KÖPRÜ ve ANADOLU
Köprü bir geçit yeridir. Uzun veya kısa. Çok zaman dar bir geçit yeri. Bir geçici menzil. Köprüde durulmaz, duraklanmaz. Köprüde konaklanmaz. Köprüye yaklaşırken yavaşlanır ve köprüden çabucak geçilir… Köprüler hoştur, güzeldir; insanda, hoş ve güzel duygular, yüksek ve onurlu umutlar yaratır. Köprü, zor ve çetin engelleri aşırtır, hasretlere, umutlara ve özlemlere kavuşturur… Köprüler, dağları birbirine bağlar. Kıtaları birbirine bağlar. Ülkeleri birbirine bağlar. Elleri ve gönülleri birbirine bağlar.

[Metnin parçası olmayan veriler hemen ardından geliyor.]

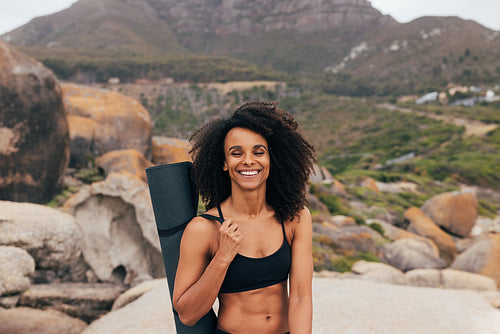 Portrait of a smiling fit woman with closed eyes holding a mat while standing by mountains in valley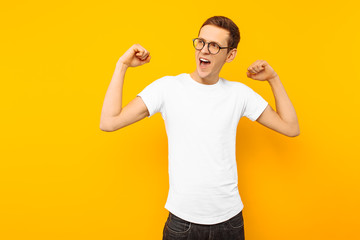 Fototapeta premium man in glasses, dressed in a white T-shirt, the man who won shows a gesture of victory and success, on a yellow background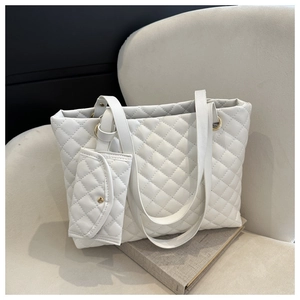 Detail of white quilted tote bag texture and matching small pouch on soft velvet chair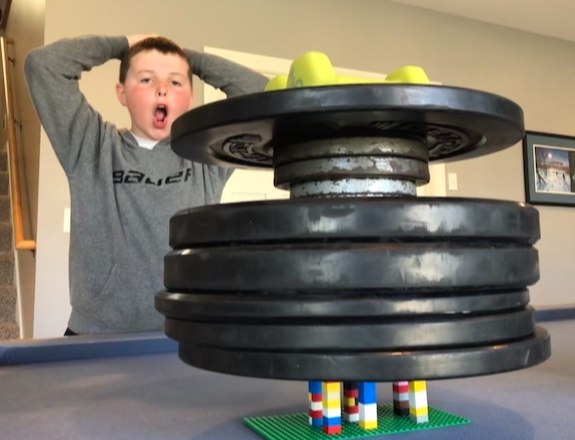 a student appears astonished by balancing weights on small lego stacks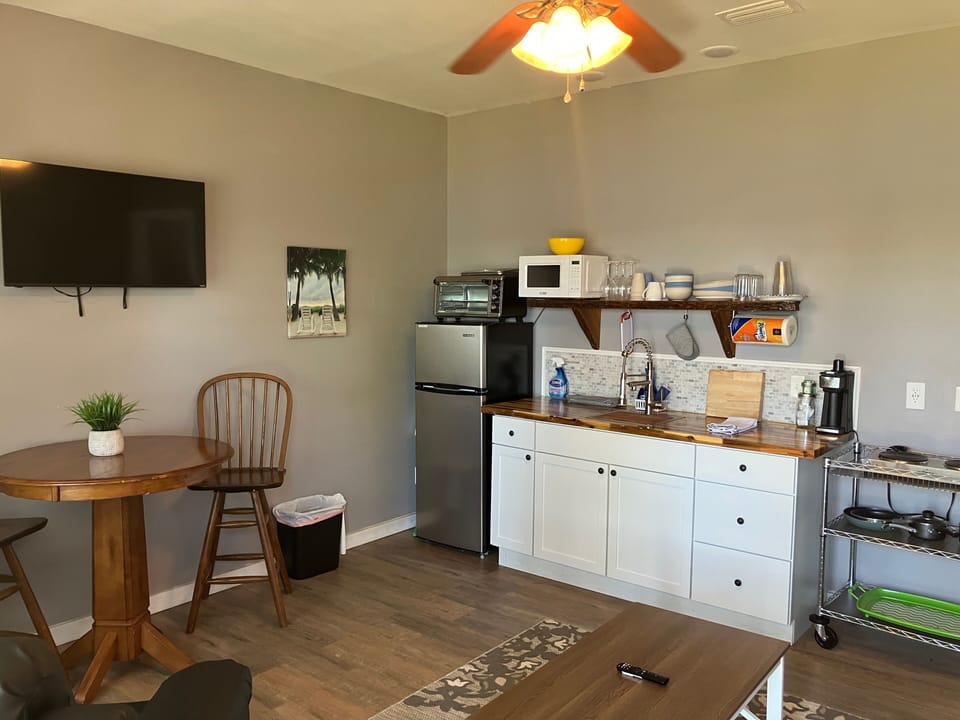 Unit: Bluegill
King bed
Full bathroom, kitchenette, living room & dining area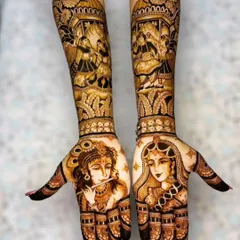 For a touch of divine love, I can create beautiful portraits like these of Radha and Krishna. This design is perfect for brides who want to incorporate spiritual and artistic elements into their mehendi.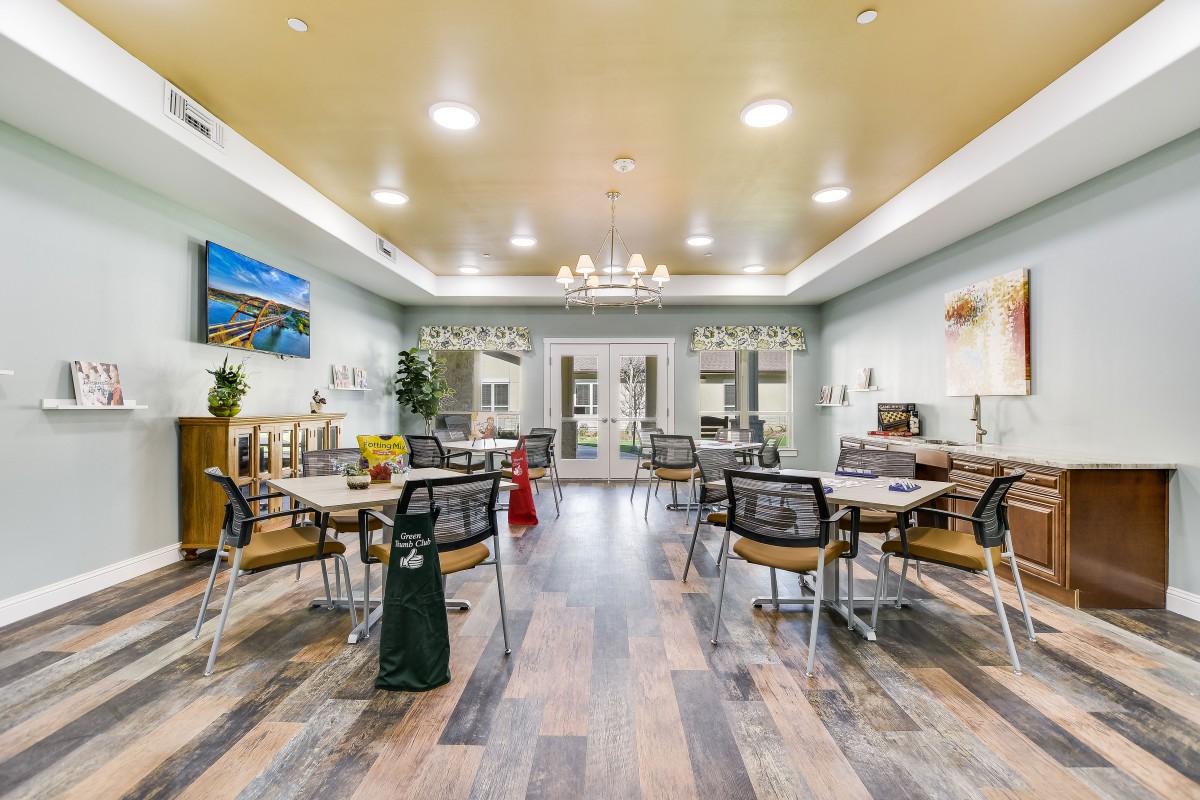 A modern dining room with neatly arranged tables and chairs, featuring elegant lighting and stylish decor.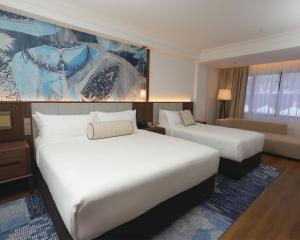 a hotel room with two beds and a couch at Perdana Kota Bharu in Kota Bharu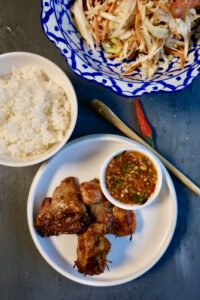Juicy Thai-style Gai Yang chicken, grilled to golden perfection, served with fresh herbs and dipping sauce on a rustic plate.
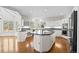 Large kitchen featuring granite countertops, a center island, and stainless steel appliances at 7 Mockingbird Ln, Cherry Hills Village, CO 80113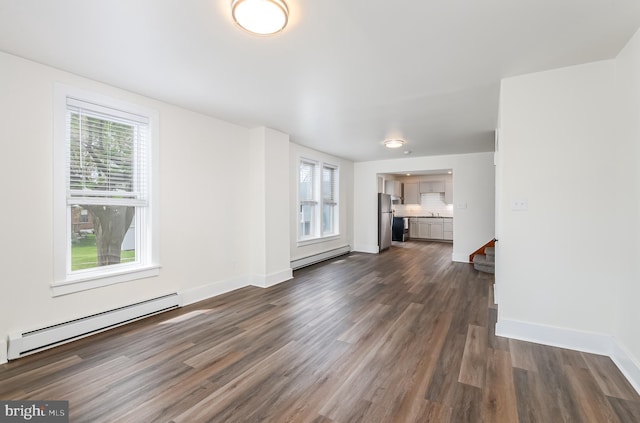 unfurnished living room featuring a baseboard radiator, dark wood-style floors, a wealth of natural light, and baseboard heating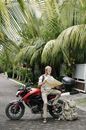 Focused man studying map leaning on motorbike
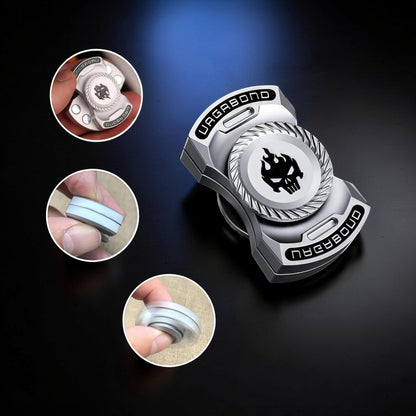 The Curious Mind Butterfly Plus Metal Spinner in black features a skull and flames design. Smooth spinning action for EDC.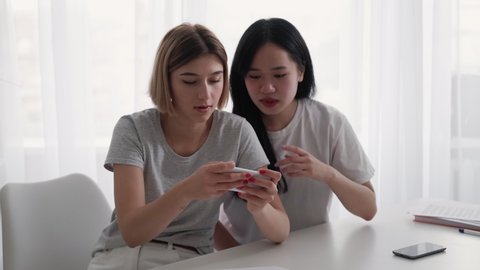 Phone dependency. Gaming nerd. Gadget entertainment. Teen friendship. Excited mixed race girls best friends playing game on smartphone at light home interior.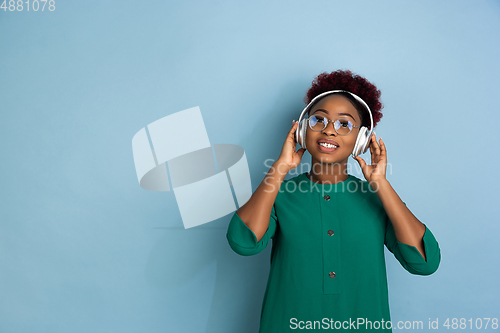 Image of African-american beautiful young woman\'s portrait on blue studio background, emotional and expressive. Copyspace for ad.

Köprüler değerli ve kıymetlidir. Köprüler önemli ve stratejiktir. Köprüler gözbebeğimizdir… Bizi bizden koparmak isteyen, bizi felç konumuna sokmak isteyen düşman, önce gözbebeklerimize, köprülerimize saldırır. Köprüler için, şarkılar yazılmış, maniler dizilmiş, türküler söylenmiştir. Aşklarımızda köprüler vardır. Kahramanlıklarımızda köprüler vardır. Acı ve tatlı anılarımızda da köprüler vardır.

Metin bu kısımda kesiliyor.